One such space is Walter J. Wetzel Triangle in Howard Beach, Queens. It is the result of a quirk in the street grid at the meeting of Cohancy Street, 156th Avenue and 157th Avenue. This section of Howard Beach was mapped in the early 20th century. As the 1913 Belcher-Hyde atlas shows, it was filled with planned subdivisions on farms and marshland with their own paper grids that collided with each other. At the time, Cohancy was mapped as Portland Avenue. Most of the homes around here did not arrive until after the Second World War.
Cohancy Street has been a mystery to me for a long time. Its name appears on a Belt Parkway exit sign , but unlike other exits, this street runs for less than a half mile between the Centreville and Old Howard Beach sections of this neighborhood, crossing over Belt Parkway. Looking at the phone book, this name did not exist. I initially presumed it was Irish based on the nearby Killarney Street and the surname Cohan, but then there’s the name Cohansey, which yielded more results. This led me to a town and river in southern New Jersey that had its own anti-British tea party in 1774 . The name is of Native American origin.
On the above 1909 map, we see that Cohancy Street evolved out of the twisting Road to Bergen Landing, a road that led down to the area now called West Hamilton Beach or Ramblersville, then situated along Hawtree Creek, which had not yet been tamed into a channel.
The street layout has evolved and changed considerably since 1909. One constant is Albert Road, which is actually the ancient Old South Road. The Long Island Rail Road, which runs north and south, was sold to the NYC Transit Authority and became part of the A train in 1956. There’s still an Aqueduct station where the 1909 map indicates. Finally, an aqueduct carried water between the Ridgewood reservoir and the Brooklyn Water Works near Freeport. Its route is now followed by Shore Parkway and its service roads, North and South Conduit Avenue.
Going forward to 1966, this street triangle was an undeveloped patch of concrete close to the home of Walter ‘Joe’ Wetzel. An avid athlete, he attended the school at Our Lady of Grace where he starred in both baseball and basketball, followed by St. John’s Preparatory School and Far Rockaway High School where he played varsity basketball.
After graduating, he worked briefly with the city’s Parks Department . Wetzel was drafted into the army in October 1965. He was the oldest of seven children, two of whom he never met. PFC Wetzel started his tour of Vietnam on May 8, 1966 and was killed in action 21 days later at Pleiku, providing cover to his comrades. His remains were buried in Cypress Hills National Cemetery in Brooklyn. This .223-acre traffic triangle was named for Wetzel by Local Law 17 of 1977 . Along with a plaque honoring Wetzel, American Legion Post 1404 installed a flagpole and monument honoring five other local dead: Sgt.Phillip Colonna, Cpl. Peter Pulaski, Sgt. John Sibilly, Pfc. Julius Pignataro, and Pvt. Rudolph Rossi.
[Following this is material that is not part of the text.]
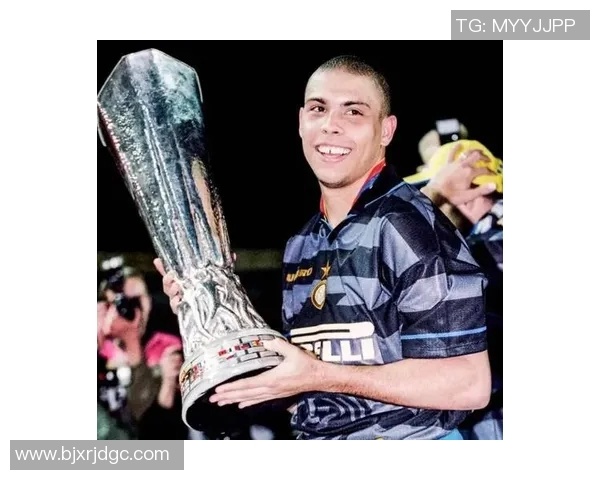 2002年世界杯足球明星盘点：揭示当年顶尖球员的辉煌与传奇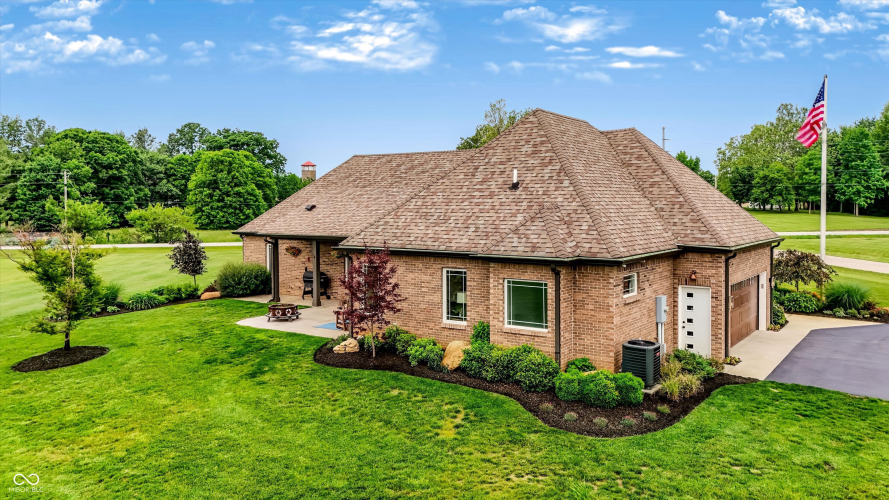 Listing Image 59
In the 1990s, many DOT-administered street triangles were transferred to Parks under the Greenstreets program. Hedges and trees were planted but unfortunately no benches to sit on. I am not sure if the namesake was related to Medal of Honor recipient Walter C. Wetzel of West Virginia who was killed fighting the Nazis, but it’s a fitting coincidence of history that this triangle is on a street named after a river where an event from American Revolution took place. One group of patriots meeting another on the map of Howard Beach.
Sergey Kadinsky is the author of Hidden Waters of New York City: A History and Guide to 101 Forgotten Lakes, Ponds, Creeks, and Streams in the Five Boroughs (2016, Countryman Press)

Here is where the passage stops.